With the transition from the spring to summer semesters here at Sterling College, the trails have dried out, the sun rises earlier, and it’s been easier to find a few more hours in the week to focus on training. The Sterling running team has started 5:00 am summer practices three times each week, which has helped add more miles and more hill workouts into my weekly regimen.

Some students are starting out and running trails for the first time, some training for the upcoming Mount Washington Road Race, and some have longer term goals. Each person’s goals are unique, of course — from running a mile to completing a race to running across a small (or medium-sized!) country — the actual goal doesn’t matter.

What matters more is that we find meaning and intention in the goals we do build, and keep close those whose strength can help support us. A good friend recently asked me how I could find such focus on resilience and hope. So much so that my vehicle for doing so — running — has become a central part of my life — and the processes of training, planning, organizing, mentoring, and sharing stories of both adventure and climate.

When I leave for Norway in mid-July, I know that I’ll have the support of family, friends — so many new friends who have helped to support this work.
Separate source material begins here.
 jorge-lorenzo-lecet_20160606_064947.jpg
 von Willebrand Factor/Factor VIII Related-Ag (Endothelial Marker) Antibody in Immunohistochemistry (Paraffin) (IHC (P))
I’m looking forward to meeting with new friends along the Arctic Trail and during stops in Svalbard, Tromsø, Bodø, Kautokeino, and elsewhere.

My goal, huge as it may seem, is at its heart really simple: I am just trying to figure out the best way that I can contribute to building meaningful communities and having thoughtful conversations.

And running has become a way for me to do just that.

From a recent training run on Mount Elmore, Vermont

New Shirts and Swag from Atayne!

I’m super excited to announce that Climate Run: Arctic Trail gear is now available in the Atayne Climate Run store!  

Not only do proceeds from the sales go directly to support the record attempt at the 500-mile Arctic Trail in August, and not only are the shirts made from 100% recycled polyester by the great folks at Atayne in Brunswick, Maine–but just look at these shirts!!

 

Fundraising for Climate Run 2017

The GoFundMe page for Climate Run: Arctic Trail has launched!!!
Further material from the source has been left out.